Congratulations for deciding to try harder!
While there are no spoilers for the OSCP on this page, here is a small collection of resources that would be useful for pentesters, system administrators and OSCP candidates. If you are willing to try harder, go ahead and explore.
Resources
There are plenty of resources on the Internet. I trust your Googling skills are sufficient to enumerate resources; I do not need to re-invent the wheel. However, I would like to make some mention of what I think are important, and perhaps under-appreciated.
1. Nmap’s Scripting Engine: Many think of nmap as a port scanner. That is correct, but it is able to do far more. Its scripting engine is capable of picking up vulnerabilites, enumeration, and in some cases, even performing command execution!
2. Lab Environment: Many people I know who take the OSCP do take the labs as some sort of capture-the-flag. It isn’t all about proof.txt.
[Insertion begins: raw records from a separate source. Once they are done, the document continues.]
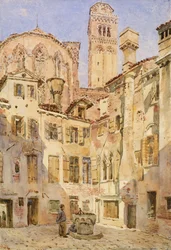 The Church of the Frari, Venice, from the Campiello San Rocco, 1854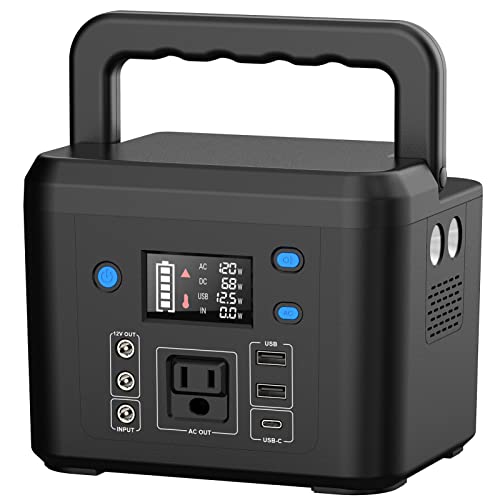 powkey Portable Power Station 800W with 3 AC Outlets, 110V/740Wh Solar Generator(Solar Panel Optional), 200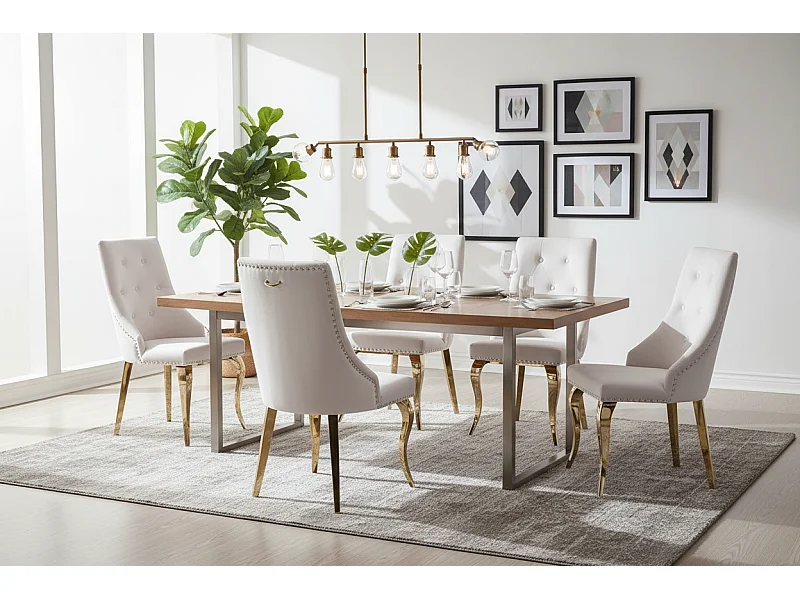 Lot 2 Chaises Salle à Manger Anneau Velours Écru Capitonnées Cloutées Pieds Gold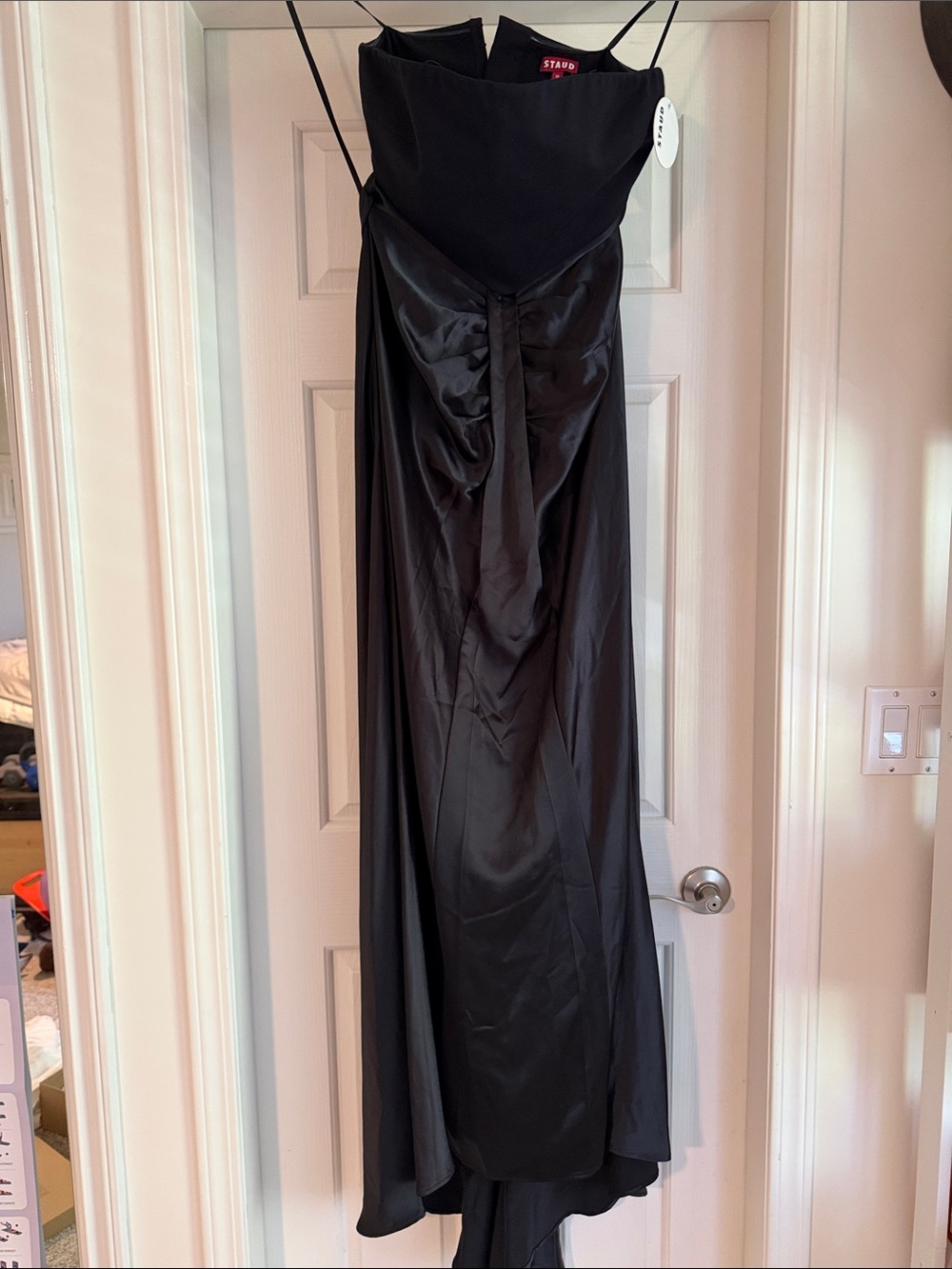 STAUD Black Satin Dress with -picture from website included. Brand new with tags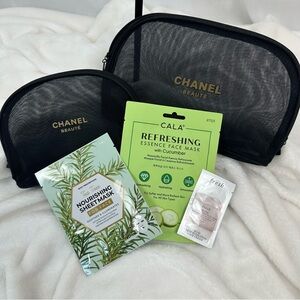Face masks with cosmetic pouches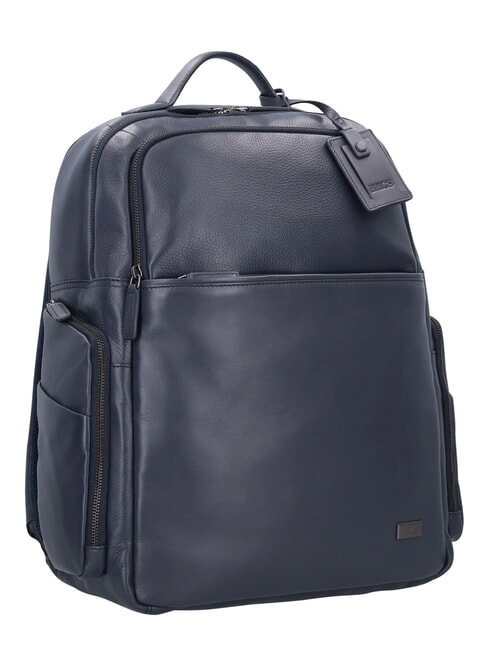 TORINO 15,6-Zoll-Laptop-Rucksack aus Leder Marine - PC-Rucks&auml;cke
It’s about trying as many different things you can think of, exploiting in as many different ways, and trying all sorts of ideas. Once the lab time expires, finding a lab environment as diverse, as rich will be difficult. Treasure the lab time to do things you would do in a network penetration test, such as pivoting! Some people use the lab environment to perform
3. Privilege Escalation: The OSCP discusses privilege escalation in brief. However, the subject of privilege escalation can easily span across so many different areas that one could write a book about all of that. Thankfully, there are some shorter basic guides for Linux and Windows that are “standard reference” for today’s pentesters. The subject of Windows privilege escalation is rich and diverse, far more than simply “getsystem”.
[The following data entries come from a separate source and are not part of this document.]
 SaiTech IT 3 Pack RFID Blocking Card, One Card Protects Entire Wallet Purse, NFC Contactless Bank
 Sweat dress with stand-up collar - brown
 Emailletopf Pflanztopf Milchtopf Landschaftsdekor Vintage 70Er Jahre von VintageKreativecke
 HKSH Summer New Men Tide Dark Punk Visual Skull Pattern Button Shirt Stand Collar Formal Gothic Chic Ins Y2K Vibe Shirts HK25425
If you use Facebook, you can join a study group.
The Journey
Refer to the main blog. Parts one, two and three are linked for your reference.
Vulnerable Machines
Personally I have created some machines that are OSCP-like. They resemble the rough spirit of the OSCP, though in no way should they be treated as similar to any examination or lab machine.
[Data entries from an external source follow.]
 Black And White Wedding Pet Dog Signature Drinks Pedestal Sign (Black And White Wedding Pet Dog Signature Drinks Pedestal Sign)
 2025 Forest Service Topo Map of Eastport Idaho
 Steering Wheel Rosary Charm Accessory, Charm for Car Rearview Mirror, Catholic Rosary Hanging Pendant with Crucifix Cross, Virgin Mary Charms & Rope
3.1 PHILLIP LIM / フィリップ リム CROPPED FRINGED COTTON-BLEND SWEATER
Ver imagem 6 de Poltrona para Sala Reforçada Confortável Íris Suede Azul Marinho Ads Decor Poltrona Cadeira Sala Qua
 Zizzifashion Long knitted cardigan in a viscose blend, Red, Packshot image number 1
I have currently FIVE machines featured on Vulnhub. The hostnames for these machines are indicated, and a short sypnosis about these machines will be provided.
MERCY: This machine was destined for a CTF, except that it had ideas that beginners would almost never notice, and so it became a practice machine for said CTF. Try harder and root this box; this box was the very first box written, and was in dedication to passing the OSCP and those that were with me on the journey. If you must spoil yourself with a walkthrough, a friend has kindly helped make a video walkthrough here.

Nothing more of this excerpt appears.